No último dia 2, minha mãe encerrou o ciclo nessa passagem. Dona Maryland seguiu sua caminhada na eternidade, mas deixou um legado de resiliência e coragem com a forte mensagem de nunca desistirmos dos nossos sonhos. Não foi vida fácil. Desde a saída da cidade de Milagres, interior do Ceará, para a capital, assumiu a missão de alfabetizar crianças, jovens e adultos na escola pública. E assim fez. Alfabetizou os filhos antes da escola. Era regra na minha casa: primeiro com ela, depois com a escola. Os adultos que cruzaram a sua vida e que não sabiam ler e escrever eram libertados por Dona Maryland. Essa era minha mãe. Personalidade forte, decidida e de alma linda. Tinha amor pela missão de alfabetizar, sabia que esse era o caminho para libertação.
O amor foi o condutor da sua vida. A relação com meu pai foi a de um amor simbiótico que a fez perder o brilho nos últimos anos, depois de sua morte. Eram tardes ouvindo Roberto Carlos e escrevendo cartas de amor para quem foi a mola mestra da sua existência. Pouco interessa se a vida não lhe proporcionou só momentos felizes. Para ela, o registro era de pura felicidade e saudade de alguém que tinha deixado um vazio imenso em seu coração. Ninguém cantou o amor como Roberto Carlos, mas hoje posso dizer que ninguém viveu o amor com tanta força como Dona Maryland. Ela se foi. Ela foi encontrar a parte que estava faltando na sua vida, porque não conseguiu aceitar a expressão "até que a morte os separe". Hoje, Dona Maryland e Seu Valdir estão juntos na caminhada eterna.

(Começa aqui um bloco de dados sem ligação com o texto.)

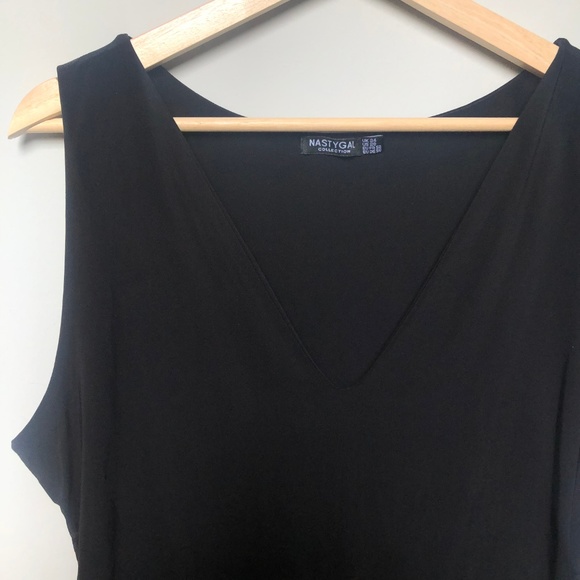 Nastygal Plus size (US 20) black bodysuit - Picture 6 of 7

O sentido do libertar as pessoas pela alfabetização tomou conta da sua vida. Minha mãe sempre foi daquelas que tinha opinião sobre política. Defendeu quem acreditou e no que acreditou. Não media esforços para lutar por isso. Votou em todas as eleições. Na última eleição, em 2022, avisou ao meu irmão que queria votar. Já com dificuldade de mobilidade, com 80 anos, não queria abrir mão da escolha democrática. De cadeira de rodas, foi da sua casa, na 309 Sul, até o colégio La Salle, onde exerceu seu último ato pela democracia. Na ida, pediu ao meu irmão que queria um adesivo do seu candidato. Colocou no peito e seguiu para a urna. A cada número digitado, sentia falta da foto que era a sua escolha principal. E dizia isso, porque minha mãe sabia o que queria.

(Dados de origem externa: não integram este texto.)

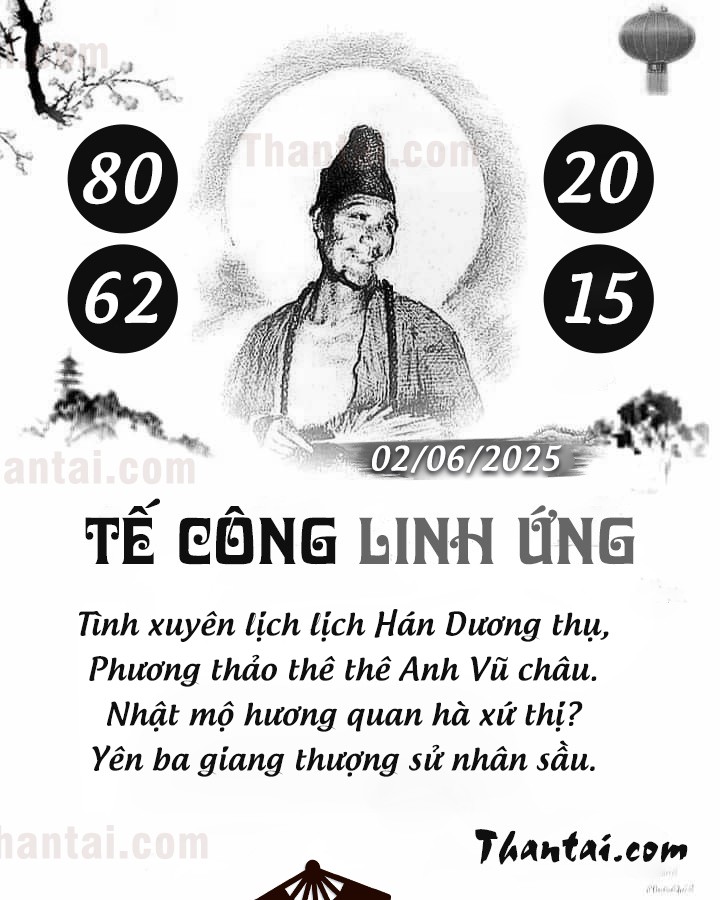 TẾ CÔNG LINH ỨNG 18/05/2025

Perdemos, nessa passagem, mais uma democrata, mas ela deixou mais uma lição, que nunca devemos deixar de lutar pelo que acreditamos. Ela sempre lutou e escolheu quem a representava. Até os seus 80 anos, Dona Maryland lutou por um país e uma cidade que queria. Seu legado nos ensinou e será acompanhado. Não desistiremos dos nossos sonhos, porque pedido de mãe sempre deve ser atendido.
Perder uma mãe é uma dor profunda. O poeta Drummond pergunta porque Deus permite que uma mãe vá embora. E ele continua mais à frente dizendo que, se fosse o rei do mundo, decretaria a proibição de uma mãe falecer. Segundo o poeta, mesmo que esteja velho, o filho deve ficar sempre junto de sua mãe. É esse meu sentimento. O que não diz o poeta é que esse encontro dar-se-á na eternidade, quando , então, os filhos se reunirão novamente às suas mães e continuarão sua jornada.
Dói muito a sua partida, minha mãe. Não imaginava que ia doer tanto. Seu colo e suas palavras estão deixando um vazio que eu não imaginava sentir já tão perto dos meus 60 anos. No nosso último encontro, na sua luta pela vida, beijei a sua testa e disse baixinho no seu ouvido que te amava, e te amarei eternamente. Não foi fácil escrever esse artigo, Dona Maryland, mas, acompanhando a sua fé, siga em paz, e Deus a acompanhe.